The pragmatic theory of truth means, for Rorty at least, that we can’t make sense of truth as a representational connection betweend concepts and things. First of all there are no concepts, but even as connection between words and things there is no sense to be made. Rorty thinks there is no better way to determine if a sentence is true than to give some reasons for it and reasons are propositions. Furthermore, only propositions can justify propositions. Therefore, a causal connection to a thing can never justify one of our believes.
This is what the pragmatists had right, Rorty claims. They contested the traditional conception of truth. Even though that might be right, Rorty never really engages with the traditional pragmatists like James, Peirce or Dewey. It is true that they criticised the endevor to find criterias for truth that are independent of any context. But all of these writers also had some realistic points in their philosophy.
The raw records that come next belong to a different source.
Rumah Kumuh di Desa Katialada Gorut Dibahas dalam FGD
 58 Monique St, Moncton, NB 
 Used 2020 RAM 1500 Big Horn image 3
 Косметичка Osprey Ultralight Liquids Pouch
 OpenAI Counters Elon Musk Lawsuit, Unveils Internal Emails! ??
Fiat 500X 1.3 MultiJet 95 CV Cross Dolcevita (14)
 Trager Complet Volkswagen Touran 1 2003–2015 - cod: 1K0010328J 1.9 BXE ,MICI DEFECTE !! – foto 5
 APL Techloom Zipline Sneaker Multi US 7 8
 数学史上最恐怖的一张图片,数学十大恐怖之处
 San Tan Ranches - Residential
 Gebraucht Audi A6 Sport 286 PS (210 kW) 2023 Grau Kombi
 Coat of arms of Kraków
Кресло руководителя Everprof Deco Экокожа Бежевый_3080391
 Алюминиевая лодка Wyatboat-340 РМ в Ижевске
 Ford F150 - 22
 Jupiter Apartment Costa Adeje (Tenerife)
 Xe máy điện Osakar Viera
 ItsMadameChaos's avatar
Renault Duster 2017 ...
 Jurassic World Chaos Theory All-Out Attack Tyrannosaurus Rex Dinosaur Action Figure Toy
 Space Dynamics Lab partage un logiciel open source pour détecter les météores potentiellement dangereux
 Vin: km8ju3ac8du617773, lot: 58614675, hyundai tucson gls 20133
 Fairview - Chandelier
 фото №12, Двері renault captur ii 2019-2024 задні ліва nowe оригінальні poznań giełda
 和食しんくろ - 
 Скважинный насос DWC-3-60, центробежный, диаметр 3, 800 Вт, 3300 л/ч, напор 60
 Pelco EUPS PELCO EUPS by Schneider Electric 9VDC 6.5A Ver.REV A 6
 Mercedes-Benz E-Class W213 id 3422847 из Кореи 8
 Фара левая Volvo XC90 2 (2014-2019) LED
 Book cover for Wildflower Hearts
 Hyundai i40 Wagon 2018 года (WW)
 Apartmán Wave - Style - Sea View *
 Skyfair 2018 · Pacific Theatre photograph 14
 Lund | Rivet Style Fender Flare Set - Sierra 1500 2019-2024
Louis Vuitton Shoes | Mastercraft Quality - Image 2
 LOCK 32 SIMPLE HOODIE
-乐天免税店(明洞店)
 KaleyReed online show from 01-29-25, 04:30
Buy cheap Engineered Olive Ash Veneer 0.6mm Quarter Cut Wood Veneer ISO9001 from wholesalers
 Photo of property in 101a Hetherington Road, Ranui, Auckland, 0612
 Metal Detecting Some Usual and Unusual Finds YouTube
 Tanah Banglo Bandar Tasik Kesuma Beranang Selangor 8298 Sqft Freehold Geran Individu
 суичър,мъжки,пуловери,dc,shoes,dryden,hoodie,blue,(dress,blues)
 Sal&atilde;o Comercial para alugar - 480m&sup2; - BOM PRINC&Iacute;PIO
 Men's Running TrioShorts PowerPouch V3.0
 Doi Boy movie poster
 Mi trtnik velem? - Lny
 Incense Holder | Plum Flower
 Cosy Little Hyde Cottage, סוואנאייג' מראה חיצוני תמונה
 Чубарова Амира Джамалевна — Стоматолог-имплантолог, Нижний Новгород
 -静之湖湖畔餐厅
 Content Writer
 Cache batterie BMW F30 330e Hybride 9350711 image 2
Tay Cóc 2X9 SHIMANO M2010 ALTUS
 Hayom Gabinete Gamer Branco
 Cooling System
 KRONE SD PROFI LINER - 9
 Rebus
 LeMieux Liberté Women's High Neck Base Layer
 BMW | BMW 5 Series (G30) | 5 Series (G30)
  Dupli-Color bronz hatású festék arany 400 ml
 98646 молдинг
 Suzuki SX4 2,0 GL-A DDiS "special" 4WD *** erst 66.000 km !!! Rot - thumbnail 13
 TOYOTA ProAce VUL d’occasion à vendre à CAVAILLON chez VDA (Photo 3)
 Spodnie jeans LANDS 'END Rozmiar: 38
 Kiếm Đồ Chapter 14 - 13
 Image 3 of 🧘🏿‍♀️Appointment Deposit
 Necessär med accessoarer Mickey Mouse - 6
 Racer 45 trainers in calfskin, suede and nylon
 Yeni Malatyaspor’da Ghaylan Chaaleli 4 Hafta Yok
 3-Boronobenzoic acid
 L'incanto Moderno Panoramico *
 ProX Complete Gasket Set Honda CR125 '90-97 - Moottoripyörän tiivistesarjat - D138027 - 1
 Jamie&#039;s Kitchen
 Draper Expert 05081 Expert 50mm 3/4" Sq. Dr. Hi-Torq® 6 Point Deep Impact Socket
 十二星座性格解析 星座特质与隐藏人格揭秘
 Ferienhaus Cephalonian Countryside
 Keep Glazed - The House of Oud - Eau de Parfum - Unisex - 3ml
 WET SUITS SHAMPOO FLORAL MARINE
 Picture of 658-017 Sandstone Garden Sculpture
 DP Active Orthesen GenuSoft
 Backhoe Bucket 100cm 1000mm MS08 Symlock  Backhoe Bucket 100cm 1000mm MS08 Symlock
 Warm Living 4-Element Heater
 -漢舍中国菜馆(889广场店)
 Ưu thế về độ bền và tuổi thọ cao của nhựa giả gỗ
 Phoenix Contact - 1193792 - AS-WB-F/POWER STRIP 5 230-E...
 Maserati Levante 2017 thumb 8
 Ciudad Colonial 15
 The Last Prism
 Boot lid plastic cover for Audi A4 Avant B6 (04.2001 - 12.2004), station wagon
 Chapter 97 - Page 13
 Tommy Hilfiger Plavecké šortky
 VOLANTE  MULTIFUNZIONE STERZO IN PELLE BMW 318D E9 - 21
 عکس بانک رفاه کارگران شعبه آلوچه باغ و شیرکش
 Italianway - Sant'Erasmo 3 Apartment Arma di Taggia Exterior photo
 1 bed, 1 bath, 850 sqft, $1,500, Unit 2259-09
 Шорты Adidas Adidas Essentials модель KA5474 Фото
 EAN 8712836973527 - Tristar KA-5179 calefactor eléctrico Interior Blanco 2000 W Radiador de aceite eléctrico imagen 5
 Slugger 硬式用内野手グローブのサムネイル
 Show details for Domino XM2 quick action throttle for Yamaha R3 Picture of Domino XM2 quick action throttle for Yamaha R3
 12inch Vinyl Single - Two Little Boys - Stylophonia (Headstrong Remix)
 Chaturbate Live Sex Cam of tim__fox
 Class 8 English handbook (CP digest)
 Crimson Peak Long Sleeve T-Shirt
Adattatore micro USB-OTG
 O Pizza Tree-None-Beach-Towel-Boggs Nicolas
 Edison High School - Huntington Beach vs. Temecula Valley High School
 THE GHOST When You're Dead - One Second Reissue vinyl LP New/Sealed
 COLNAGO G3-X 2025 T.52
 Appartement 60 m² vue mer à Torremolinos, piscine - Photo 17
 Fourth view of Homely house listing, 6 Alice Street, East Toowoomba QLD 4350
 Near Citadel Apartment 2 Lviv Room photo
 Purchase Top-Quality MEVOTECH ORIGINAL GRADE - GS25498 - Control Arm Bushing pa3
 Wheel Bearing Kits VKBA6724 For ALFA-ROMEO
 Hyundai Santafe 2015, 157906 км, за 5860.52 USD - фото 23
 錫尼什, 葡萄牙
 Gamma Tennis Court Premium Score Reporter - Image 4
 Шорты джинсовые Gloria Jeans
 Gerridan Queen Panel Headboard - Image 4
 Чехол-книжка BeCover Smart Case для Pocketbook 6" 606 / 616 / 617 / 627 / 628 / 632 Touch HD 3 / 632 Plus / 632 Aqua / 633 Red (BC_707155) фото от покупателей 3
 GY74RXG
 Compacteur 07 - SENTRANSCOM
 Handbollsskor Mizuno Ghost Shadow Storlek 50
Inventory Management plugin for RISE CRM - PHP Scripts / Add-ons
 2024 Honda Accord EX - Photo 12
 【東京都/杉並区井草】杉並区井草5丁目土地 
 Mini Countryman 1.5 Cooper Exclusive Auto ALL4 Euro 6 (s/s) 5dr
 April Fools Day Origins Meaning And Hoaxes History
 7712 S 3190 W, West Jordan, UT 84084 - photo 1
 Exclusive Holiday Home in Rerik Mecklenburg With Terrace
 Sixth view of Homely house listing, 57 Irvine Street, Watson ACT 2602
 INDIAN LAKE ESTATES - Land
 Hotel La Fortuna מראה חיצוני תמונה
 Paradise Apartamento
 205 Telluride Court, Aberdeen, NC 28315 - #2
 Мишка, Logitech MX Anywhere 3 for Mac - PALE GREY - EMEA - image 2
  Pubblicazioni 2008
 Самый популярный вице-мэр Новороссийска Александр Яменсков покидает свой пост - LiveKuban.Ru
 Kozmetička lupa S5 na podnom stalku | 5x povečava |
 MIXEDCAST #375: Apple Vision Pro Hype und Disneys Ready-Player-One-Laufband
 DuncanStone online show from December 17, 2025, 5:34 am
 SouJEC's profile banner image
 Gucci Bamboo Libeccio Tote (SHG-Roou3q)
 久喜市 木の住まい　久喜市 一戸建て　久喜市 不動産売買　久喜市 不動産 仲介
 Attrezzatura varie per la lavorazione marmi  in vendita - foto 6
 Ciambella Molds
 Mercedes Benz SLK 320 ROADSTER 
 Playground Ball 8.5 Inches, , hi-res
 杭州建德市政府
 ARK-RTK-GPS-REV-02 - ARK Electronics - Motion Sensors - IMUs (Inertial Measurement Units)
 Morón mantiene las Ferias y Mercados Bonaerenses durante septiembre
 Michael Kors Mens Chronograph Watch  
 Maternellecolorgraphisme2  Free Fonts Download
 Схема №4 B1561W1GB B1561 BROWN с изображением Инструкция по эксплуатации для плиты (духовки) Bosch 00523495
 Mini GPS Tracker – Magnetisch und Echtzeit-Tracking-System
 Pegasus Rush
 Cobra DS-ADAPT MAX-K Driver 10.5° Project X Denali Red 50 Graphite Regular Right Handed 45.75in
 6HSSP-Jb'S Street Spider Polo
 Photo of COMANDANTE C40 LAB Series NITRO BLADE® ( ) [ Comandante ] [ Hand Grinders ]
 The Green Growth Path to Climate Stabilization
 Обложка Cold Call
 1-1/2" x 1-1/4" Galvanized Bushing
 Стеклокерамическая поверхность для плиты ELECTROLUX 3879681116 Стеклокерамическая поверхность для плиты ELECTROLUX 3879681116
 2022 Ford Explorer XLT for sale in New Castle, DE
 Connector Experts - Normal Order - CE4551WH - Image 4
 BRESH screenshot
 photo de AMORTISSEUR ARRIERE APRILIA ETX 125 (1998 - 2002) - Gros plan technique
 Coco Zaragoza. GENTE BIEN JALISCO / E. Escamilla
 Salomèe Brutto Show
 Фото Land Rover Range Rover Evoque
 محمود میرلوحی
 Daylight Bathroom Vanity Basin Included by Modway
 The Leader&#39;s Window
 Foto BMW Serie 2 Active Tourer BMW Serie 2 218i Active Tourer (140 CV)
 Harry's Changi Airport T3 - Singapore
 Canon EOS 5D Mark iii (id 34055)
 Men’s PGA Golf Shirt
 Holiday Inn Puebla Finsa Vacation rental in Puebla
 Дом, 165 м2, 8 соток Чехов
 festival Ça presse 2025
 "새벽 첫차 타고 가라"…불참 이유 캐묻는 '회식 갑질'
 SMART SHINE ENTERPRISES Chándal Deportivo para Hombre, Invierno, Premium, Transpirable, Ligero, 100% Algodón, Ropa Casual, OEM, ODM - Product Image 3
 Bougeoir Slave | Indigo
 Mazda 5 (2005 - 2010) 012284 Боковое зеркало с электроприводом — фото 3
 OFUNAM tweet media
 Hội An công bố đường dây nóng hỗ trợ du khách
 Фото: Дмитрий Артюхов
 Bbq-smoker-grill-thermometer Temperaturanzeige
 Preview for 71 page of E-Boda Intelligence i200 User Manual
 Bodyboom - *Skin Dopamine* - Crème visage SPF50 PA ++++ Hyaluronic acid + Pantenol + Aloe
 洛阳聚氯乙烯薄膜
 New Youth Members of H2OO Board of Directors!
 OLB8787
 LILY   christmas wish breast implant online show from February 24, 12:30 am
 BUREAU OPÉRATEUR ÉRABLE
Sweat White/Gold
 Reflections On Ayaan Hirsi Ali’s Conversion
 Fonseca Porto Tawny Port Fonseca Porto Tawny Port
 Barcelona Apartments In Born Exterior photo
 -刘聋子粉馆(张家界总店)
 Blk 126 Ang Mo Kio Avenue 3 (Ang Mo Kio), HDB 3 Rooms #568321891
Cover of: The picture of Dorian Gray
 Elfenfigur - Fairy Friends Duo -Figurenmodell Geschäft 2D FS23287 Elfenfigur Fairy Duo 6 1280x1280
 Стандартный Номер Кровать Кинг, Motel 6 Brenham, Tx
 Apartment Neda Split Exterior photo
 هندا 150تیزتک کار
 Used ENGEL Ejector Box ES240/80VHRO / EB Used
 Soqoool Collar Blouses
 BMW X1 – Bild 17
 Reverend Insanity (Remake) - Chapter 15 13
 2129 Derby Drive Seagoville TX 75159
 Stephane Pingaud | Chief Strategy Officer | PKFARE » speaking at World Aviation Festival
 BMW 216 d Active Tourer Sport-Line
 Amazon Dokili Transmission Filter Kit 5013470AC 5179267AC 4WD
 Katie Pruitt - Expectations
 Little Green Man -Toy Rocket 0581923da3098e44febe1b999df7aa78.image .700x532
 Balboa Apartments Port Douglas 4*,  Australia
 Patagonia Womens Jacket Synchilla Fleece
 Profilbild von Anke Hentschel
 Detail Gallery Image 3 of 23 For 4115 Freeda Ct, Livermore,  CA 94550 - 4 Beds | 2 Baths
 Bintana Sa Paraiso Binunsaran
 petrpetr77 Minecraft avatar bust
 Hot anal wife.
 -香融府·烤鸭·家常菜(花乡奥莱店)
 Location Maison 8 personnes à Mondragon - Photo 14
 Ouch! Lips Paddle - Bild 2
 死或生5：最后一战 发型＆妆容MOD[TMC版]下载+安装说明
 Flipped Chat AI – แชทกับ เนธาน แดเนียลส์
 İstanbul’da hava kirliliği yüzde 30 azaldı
Rorty just never seems to take them seriously.
The most severe problem for positions like Rorty’s is that they see justification only as deduction. A proposition is justified if it follows from true premises which are also propositions. That is actually an extremly narrow picture of justification. If I want to know, wether the proposition “There is beer in my refigerator.” is true, usually I just look intomy refigerator. Under usual circumstances simple visually confirm a proposition is enough to justify it. If there are different criteria for truth in different contextes, why should there not be different criteria for justification in different contextes. Why always deduction? (William James was a direct realist in the philosophy of perception. I bet he would never ask for another justification in form of a deduction for a perceptual judgement.)
So Rorty takes a special feature of pragmatism and declares it as pragmatism itself. But there are many more features to pragmatism that are even better argued for by James, Peirce and Dewey.